■ **Exercise inputs**:
__________________________________________________

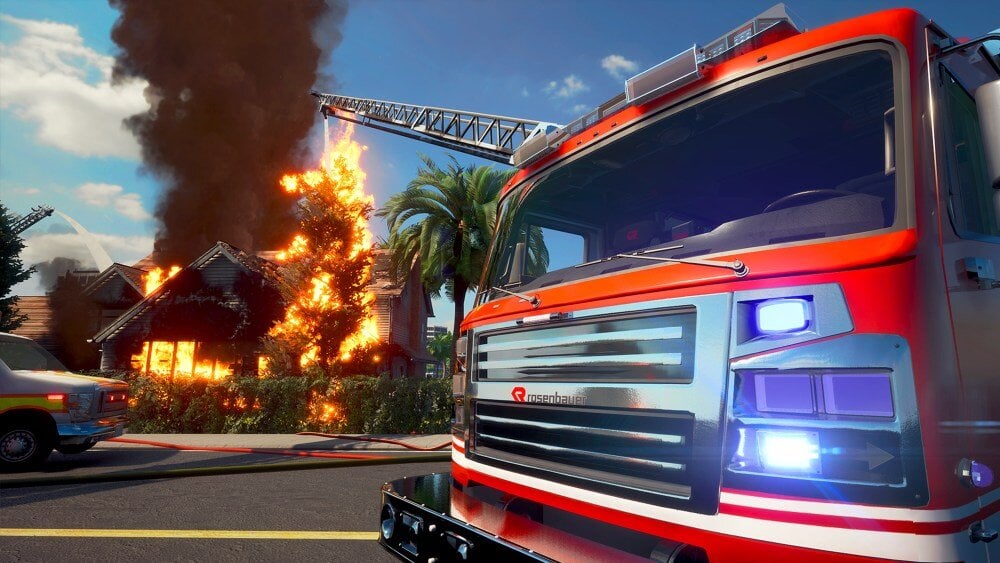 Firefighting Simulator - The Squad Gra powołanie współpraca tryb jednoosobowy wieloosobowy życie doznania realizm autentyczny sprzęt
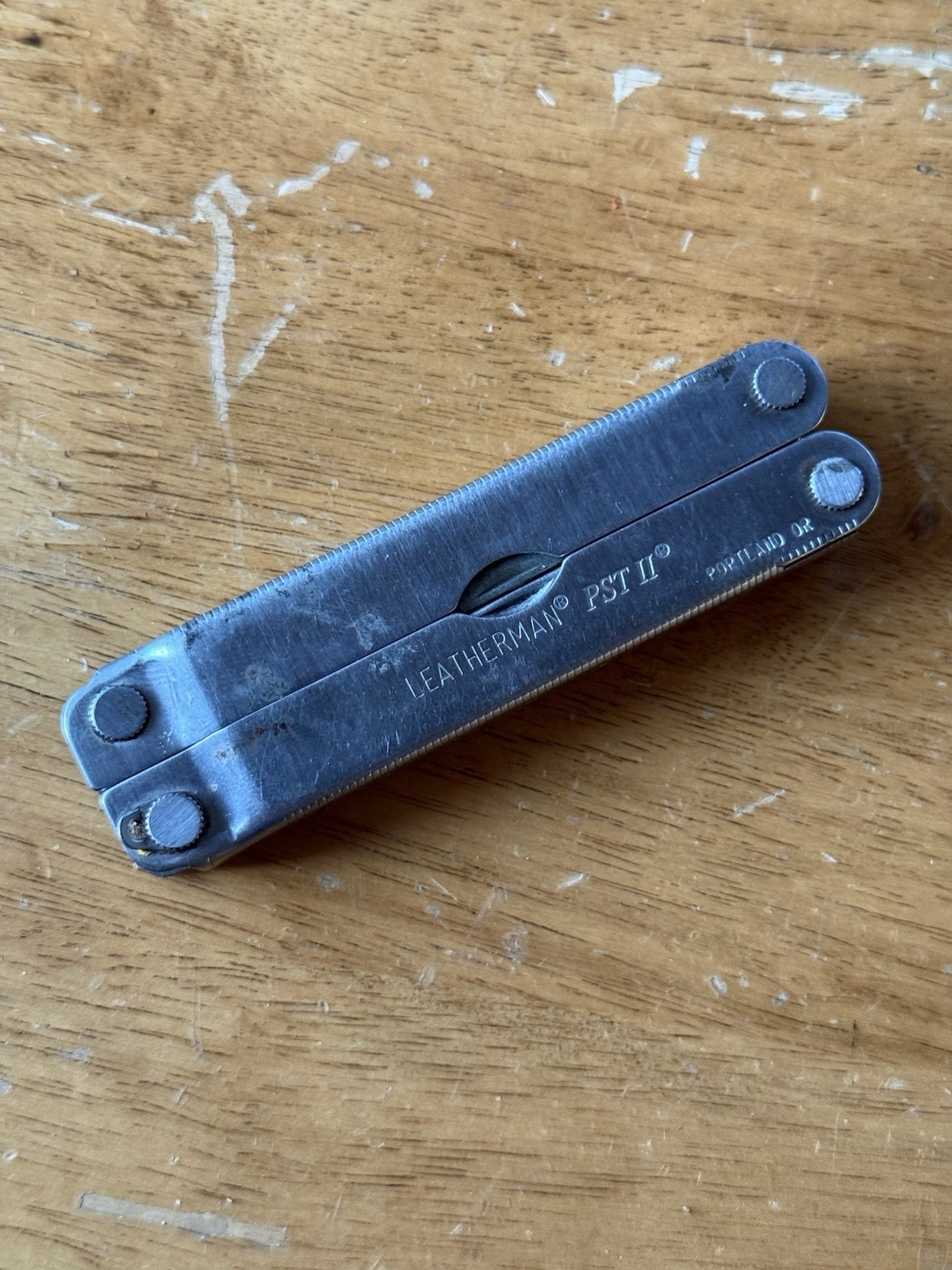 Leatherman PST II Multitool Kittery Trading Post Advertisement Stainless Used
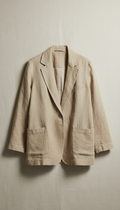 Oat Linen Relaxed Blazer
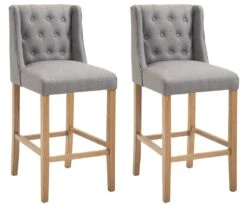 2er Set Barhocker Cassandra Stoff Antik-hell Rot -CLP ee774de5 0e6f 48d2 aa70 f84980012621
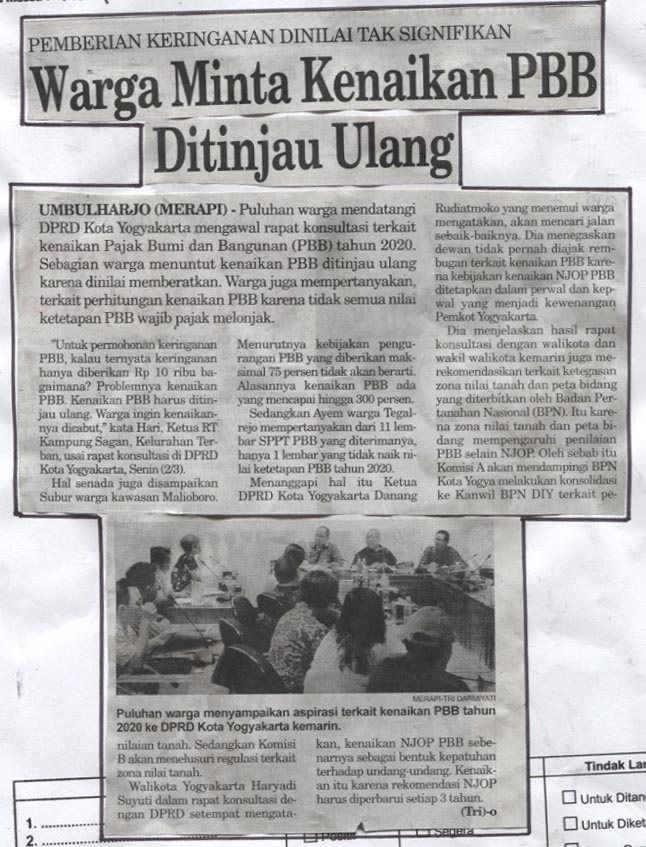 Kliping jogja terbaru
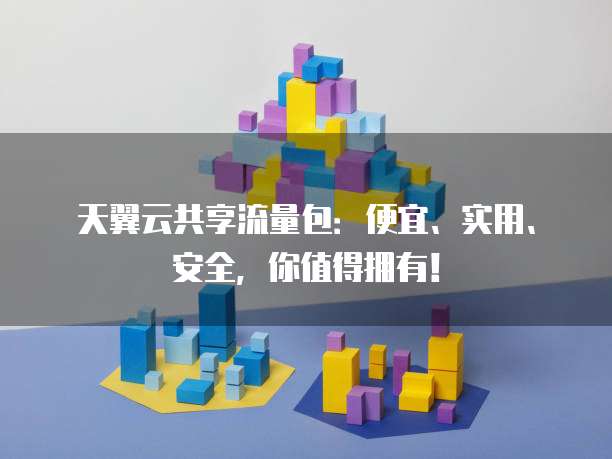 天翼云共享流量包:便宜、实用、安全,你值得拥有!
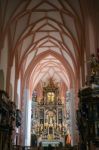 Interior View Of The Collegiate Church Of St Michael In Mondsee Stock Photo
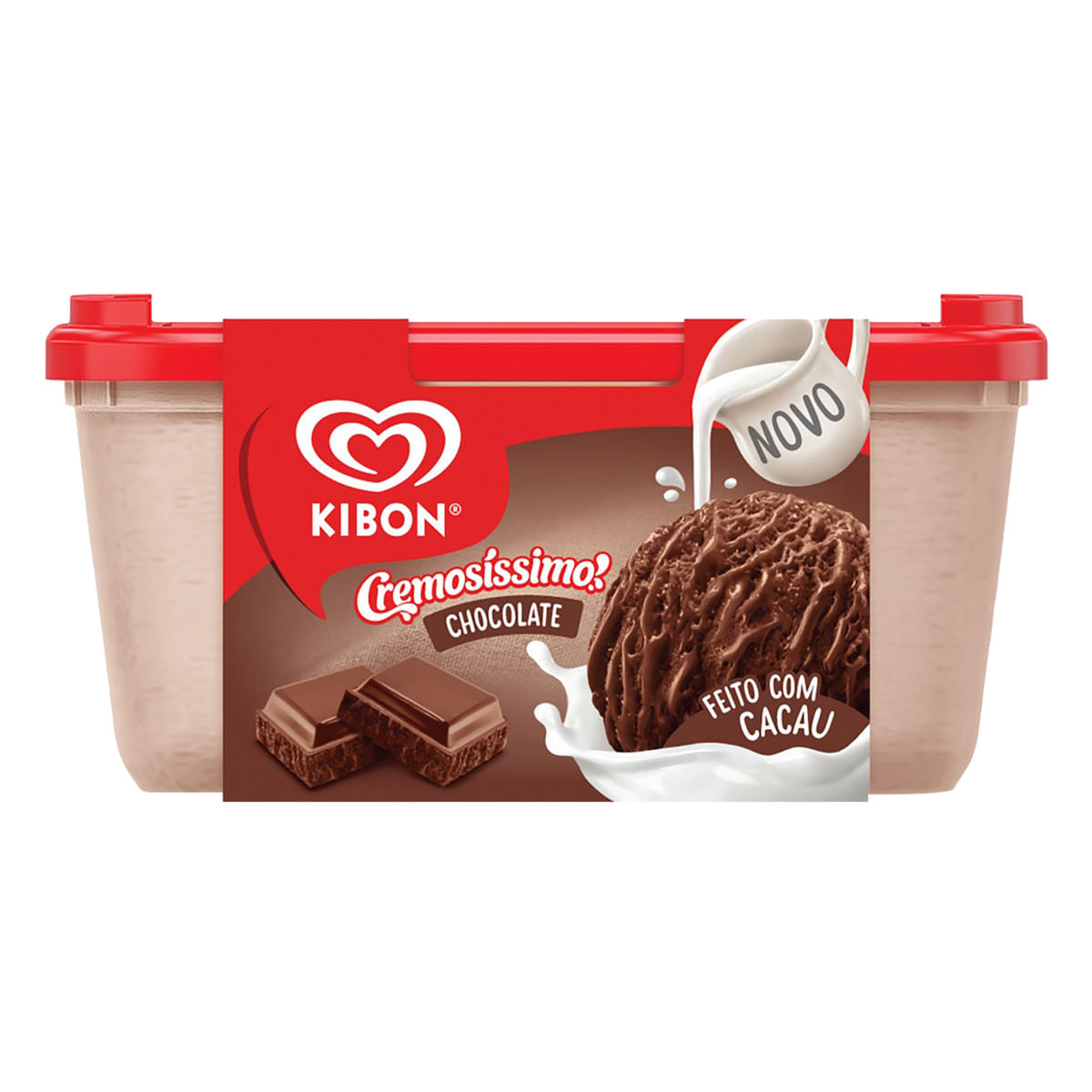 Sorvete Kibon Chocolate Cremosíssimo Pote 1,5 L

__________________________________________________

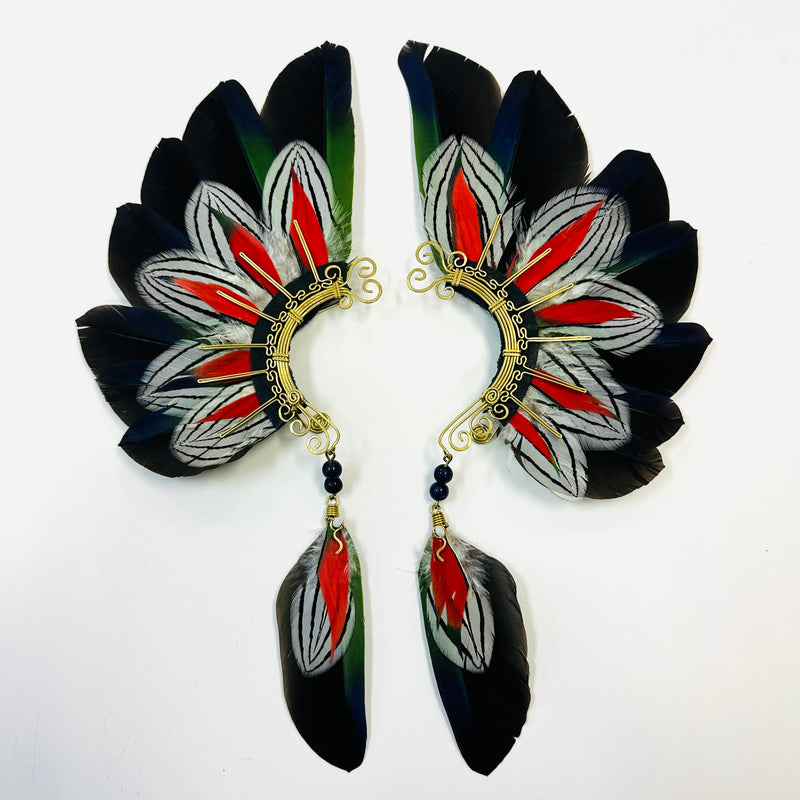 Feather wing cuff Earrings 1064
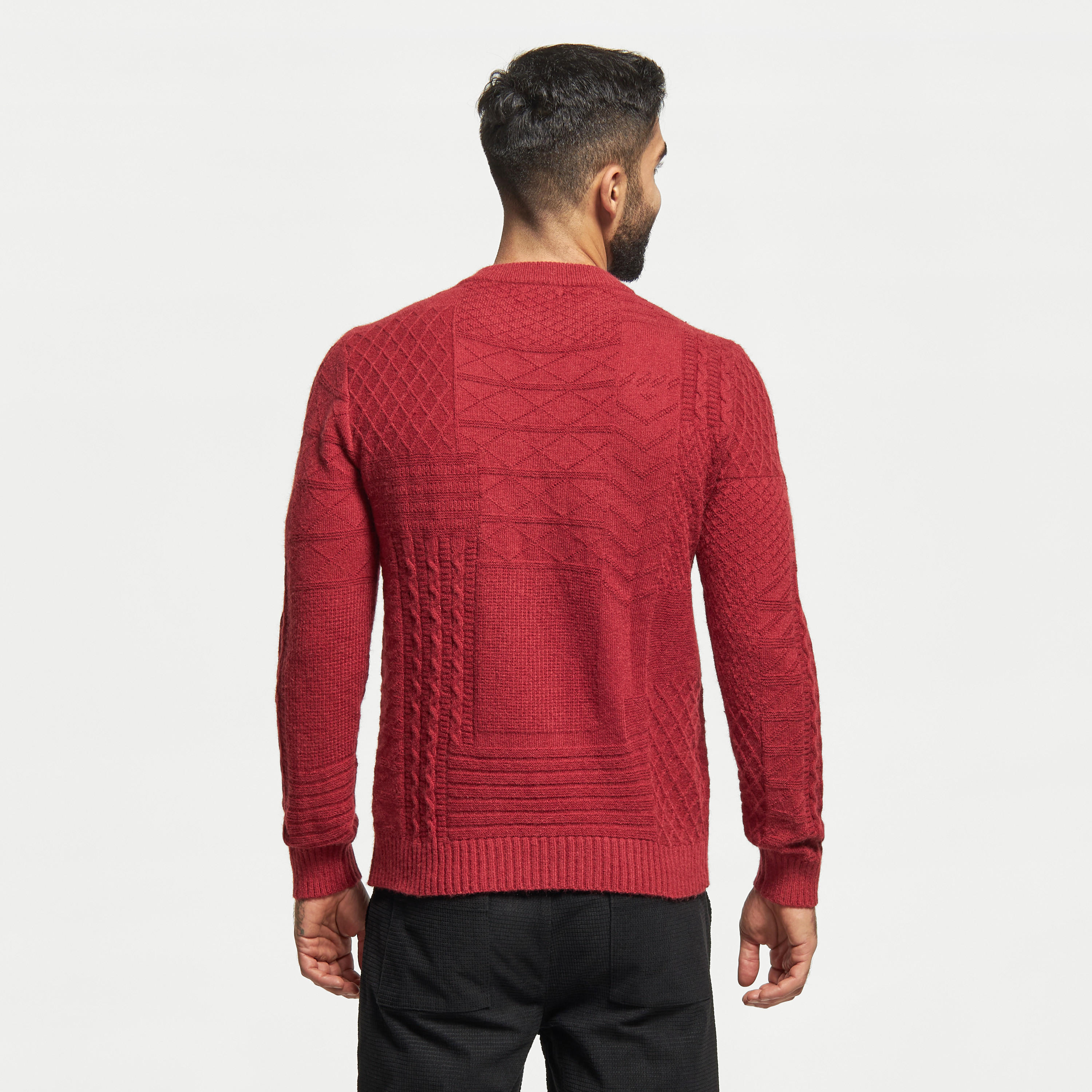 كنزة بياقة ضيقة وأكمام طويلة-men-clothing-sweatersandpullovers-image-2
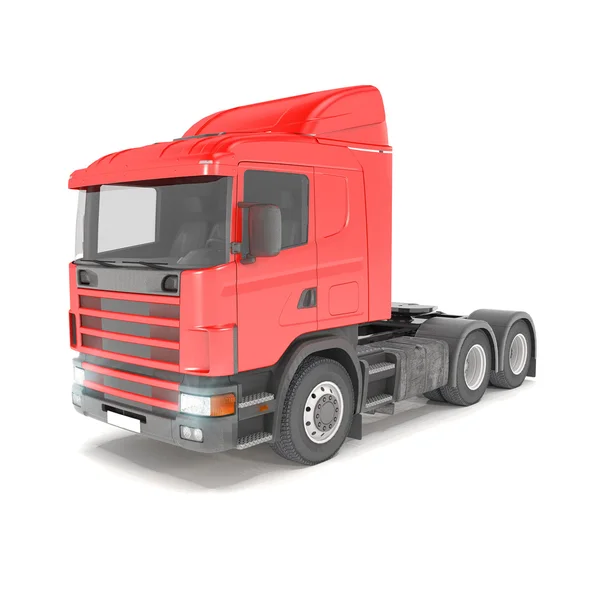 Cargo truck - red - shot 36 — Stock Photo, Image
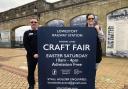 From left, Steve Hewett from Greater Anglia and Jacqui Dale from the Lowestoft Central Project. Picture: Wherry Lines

__________________________________________________

■ **Problem to work on**: Using the entries above, repeat exactly the lines from the one with "Kliping jogja terbaru" to the one with "Sorvete Kibon Chocolate", both included, and leave the pictures behind.

■ **Written answer**:
 Kliping jogja terbaru
 天翼云共享流量包:便宜、实用、安全,你值得拥有!
 Interior View Of The Collegiate Church Of St Michael In Mondsee Stock Photo
 Sorvete Kibon Chocolate Cremosíssimo Pote 1,5 L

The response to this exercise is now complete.